Et que dire de la figure de Jésus, qui passe de l’aryen blond doucereux, tendance saint-sulpicienne, au brun méditerranéen, homme du peuple et défenseur des miséreux, déclinant toute la gamme des projections et des récupérations possibles, avec une constante néanmoins, les couinements de l’Eglise lorsque l’intention diverge quelque peu de la théorie officielle.

«Il y a le Jésus protestant (DeMille, Stevens), le Jésus catholique (Anamoro, Duvivier, Gibson), le Jésus israélite (Zeffirelli), le Jésus consensuel (Ray), le Jésus pour les non-croyants (Zeffirelli), le Jésus dérangeant (Pasolini) ou le Jésus dérangé (Scorsese), enfin le Jésus de la contre-culture ou le Jésus multi-ethnique». Jolie énumération signée Dumont, qui synthétise ainsi les 320 incarnations environ de ce super-héros du grand et du petit écran.

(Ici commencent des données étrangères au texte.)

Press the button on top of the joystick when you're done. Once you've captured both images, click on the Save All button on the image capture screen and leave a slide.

A noter qu’après cette somme consacrée à l’Antiquité, Hervé Dumont poursuit sa quête du film en costumes avec trois ouvrages: l’un consacré au Moyen-âge et à la Renaissance, le deuxième à l’Absolutisme et un autre au XIXème Siècle. Hervé Dumont, le Sisyphe du cinéma historique?

Bernard Léchot, swissinfo.ch

«L’Antiquité au cinéma. Vérités, légendes et manipulations», Nouveau Monde Editions.

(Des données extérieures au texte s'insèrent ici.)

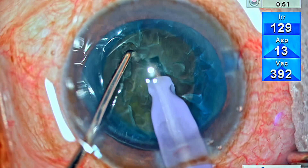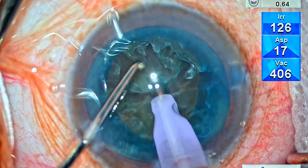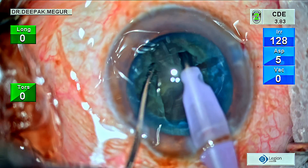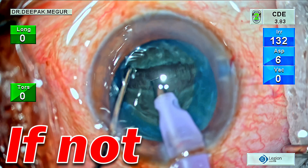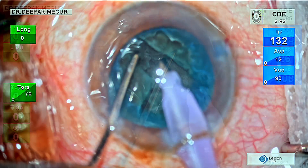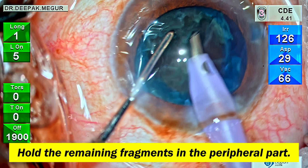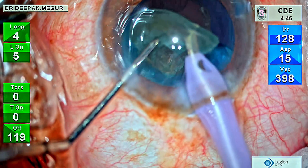To summarize: when you encounter an extremely soft, crumbly cataract that refuses to crack, the immediate strategy should be to convert to a stop-and-chop technique. Try to create a long thin trench, then attempt separation — if they separate, pull each fragment out of the bag and emulsify. There's no need to divide into four fragments. If division into two heminuclei fails, de-bulk the nucleus first to reduce its size, then hold the remaining nucleus at the edge and use just the vacuum to flip the entire endonucleus out of the bag and emulsify.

Un livre d’Hervé Dumont, avec la collaboration de Jacqueline Dumont, préfacé par Jean Tulard.

688 pages au format A4, avec 810 photos et reproductions d’affiches rares.

Une documentation sur 2200 films, dramatiques et téléfilms internationaux réalisés entre 1896 et 2008.

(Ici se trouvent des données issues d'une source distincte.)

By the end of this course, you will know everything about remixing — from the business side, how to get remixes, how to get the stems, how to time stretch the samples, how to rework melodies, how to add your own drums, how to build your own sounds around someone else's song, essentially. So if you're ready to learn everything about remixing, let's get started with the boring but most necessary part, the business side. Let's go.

1943. Hervé Dumont est né en 1943.

Lettres. Docteur ès Lettres, il travaille dans l’édition, puis enseigne dans un lycée lausannois.

Cinémathèque. En 1996, il succède à Freddy Buache à la tête de la Cinémathèque suisse, qu’il quitte en 2006.

Auteur. Hervé Dumont est l’auteur de plusieurs publications sur l’histoire du cinéma, dont «l’Histoire du cinéma suisse» en trois volumes et «Napoléon et le cinéma – un siècle d’images».

20 octobre à 20h: soirée spéciale à la salle Paderewski pour la sortie du livre d’Hervé Dumont, avec la projection de «Faraon», introduit par Hervé Dumont.

23 octobre à 20h30: au Cinématographe, Hervé Dumont présente «The Fall of the Roman Empire».

Peplon. «Peplum» est un mot latin emprunté au mot grec ancien «peplon» signifiant «tunique».

Fifties. C’est à partir du milieu des années 50 qu’il commence à désigner un genre cinématographique, la reconstitution de l’Antiquité – Rome, Grèce, Egypte, récits bibliques.

La Tunique. Le terme «Péplum» est vraisemblablement une référence au film «La Tunique» d’Henry Koster (1953), adapté du roman éponyme de Lloyd C. Douglas (paru en 1942): l’histoire du tribun militaire romain Marcellus, qui dirigeait l’unité romaine chargé de crucifixion de Jésus.